En su libro Mujeres malqueridas, Mariela Michelena, psicoanalista y escritora especializada en problemas de amor, nos dice que “malquerer” no equivale necesariamente a no querer, y que la pregunta que las mujeres deben formularse en las relaciones de pareja, no es tanto: “¿Me quiere o no me quiere?” sino más bien “¿Me quiere como yo necesito que me quieran?, “Una relación así, ¿me compensa?”, “¿Qué cosas no estoy dispuesta a tolerar?” etc. Años atrás, ya el psicólogo cognitivo Aaron T. Beck publicó un libro con un título significativo: Con el amor no basta. Esas mismas preguntas, podría formulárselas un hombre por supuesto. Lo que ocurre es que hay un tipo de amor más entregado, un “amor de madre”, en palabras de la autora, al que tienden con mayor frecuencia las mujeres y que se parece más a la entrega y amor incondicional de la mamá con su bebé durante los primeros meses.

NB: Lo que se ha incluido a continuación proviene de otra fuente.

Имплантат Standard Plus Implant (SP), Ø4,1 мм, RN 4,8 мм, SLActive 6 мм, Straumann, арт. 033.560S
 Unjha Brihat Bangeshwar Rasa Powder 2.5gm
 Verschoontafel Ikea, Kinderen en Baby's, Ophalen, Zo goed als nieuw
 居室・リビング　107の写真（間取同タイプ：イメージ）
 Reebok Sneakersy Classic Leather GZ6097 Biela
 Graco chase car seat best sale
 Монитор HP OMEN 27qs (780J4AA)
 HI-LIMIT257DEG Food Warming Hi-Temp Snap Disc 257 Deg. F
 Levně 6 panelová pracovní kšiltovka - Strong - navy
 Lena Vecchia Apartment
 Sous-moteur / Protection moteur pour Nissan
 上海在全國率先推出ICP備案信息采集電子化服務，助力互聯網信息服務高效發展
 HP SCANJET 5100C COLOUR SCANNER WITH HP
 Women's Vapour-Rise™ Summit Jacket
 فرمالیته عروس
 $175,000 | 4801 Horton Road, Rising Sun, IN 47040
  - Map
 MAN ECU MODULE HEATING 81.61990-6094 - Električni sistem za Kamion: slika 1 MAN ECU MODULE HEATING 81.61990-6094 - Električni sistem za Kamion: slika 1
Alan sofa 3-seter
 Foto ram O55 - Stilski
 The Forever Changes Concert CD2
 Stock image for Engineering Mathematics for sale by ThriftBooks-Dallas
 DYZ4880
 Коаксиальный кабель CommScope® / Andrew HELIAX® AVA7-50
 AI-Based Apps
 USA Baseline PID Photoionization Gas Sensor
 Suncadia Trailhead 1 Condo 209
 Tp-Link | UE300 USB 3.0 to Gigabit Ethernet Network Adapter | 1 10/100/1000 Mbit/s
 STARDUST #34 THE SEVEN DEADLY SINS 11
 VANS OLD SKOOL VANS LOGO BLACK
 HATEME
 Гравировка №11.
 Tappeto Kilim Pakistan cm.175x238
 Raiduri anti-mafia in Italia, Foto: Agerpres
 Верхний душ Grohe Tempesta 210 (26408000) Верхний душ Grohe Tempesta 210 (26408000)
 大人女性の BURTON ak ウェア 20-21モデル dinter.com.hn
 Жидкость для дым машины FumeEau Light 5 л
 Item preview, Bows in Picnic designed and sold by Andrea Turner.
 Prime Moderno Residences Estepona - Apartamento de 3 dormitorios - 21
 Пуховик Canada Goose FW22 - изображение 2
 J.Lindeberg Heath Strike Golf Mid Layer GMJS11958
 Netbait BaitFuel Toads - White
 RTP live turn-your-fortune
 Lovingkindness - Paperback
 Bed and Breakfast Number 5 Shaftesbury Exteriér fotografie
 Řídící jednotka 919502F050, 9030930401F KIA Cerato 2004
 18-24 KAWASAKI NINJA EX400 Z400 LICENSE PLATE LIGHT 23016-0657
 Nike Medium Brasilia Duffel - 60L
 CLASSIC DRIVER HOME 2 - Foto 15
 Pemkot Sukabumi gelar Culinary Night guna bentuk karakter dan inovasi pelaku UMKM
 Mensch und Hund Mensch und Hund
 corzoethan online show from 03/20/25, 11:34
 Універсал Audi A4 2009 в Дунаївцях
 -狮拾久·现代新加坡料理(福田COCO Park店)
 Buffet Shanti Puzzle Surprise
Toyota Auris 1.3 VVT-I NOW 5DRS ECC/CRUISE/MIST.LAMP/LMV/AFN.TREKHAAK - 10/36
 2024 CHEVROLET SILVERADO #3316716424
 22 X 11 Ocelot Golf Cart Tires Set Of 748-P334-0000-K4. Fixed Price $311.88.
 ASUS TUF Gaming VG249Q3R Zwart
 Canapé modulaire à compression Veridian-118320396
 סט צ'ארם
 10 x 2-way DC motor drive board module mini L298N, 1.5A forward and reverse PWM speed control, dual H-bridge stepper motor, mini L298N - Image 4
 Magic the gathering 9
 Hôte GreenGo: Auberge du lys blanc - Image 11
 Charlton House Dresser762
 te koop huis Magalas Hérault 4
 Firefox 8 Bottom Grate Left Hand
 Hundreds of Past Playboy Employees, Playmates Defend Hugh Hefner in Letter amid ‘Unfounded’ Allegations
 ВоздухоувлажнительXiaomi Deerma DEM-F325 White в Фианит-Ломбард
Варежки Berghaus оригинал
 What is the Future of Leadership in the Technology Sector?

Es un amor demasiado tolerante y que no juega a favor del bienestar emocional de la persona.

La elección de pareja, como muchas otras cosas en la vida, viene a menudo condicionada por una especie de “agenda oculta“, es decir, por algo que nos ha marcado durante la infancia y que opera como un deseo inconsciente. No es fácil explicar porque ocurre esto pero tiene que ver con asuntos no resueltos en relación a nuestros padres, con el deseo de “resolver” algo -a través de nuestra pareja actual- que sentimos nos quedó pendiente en nuestra infancia.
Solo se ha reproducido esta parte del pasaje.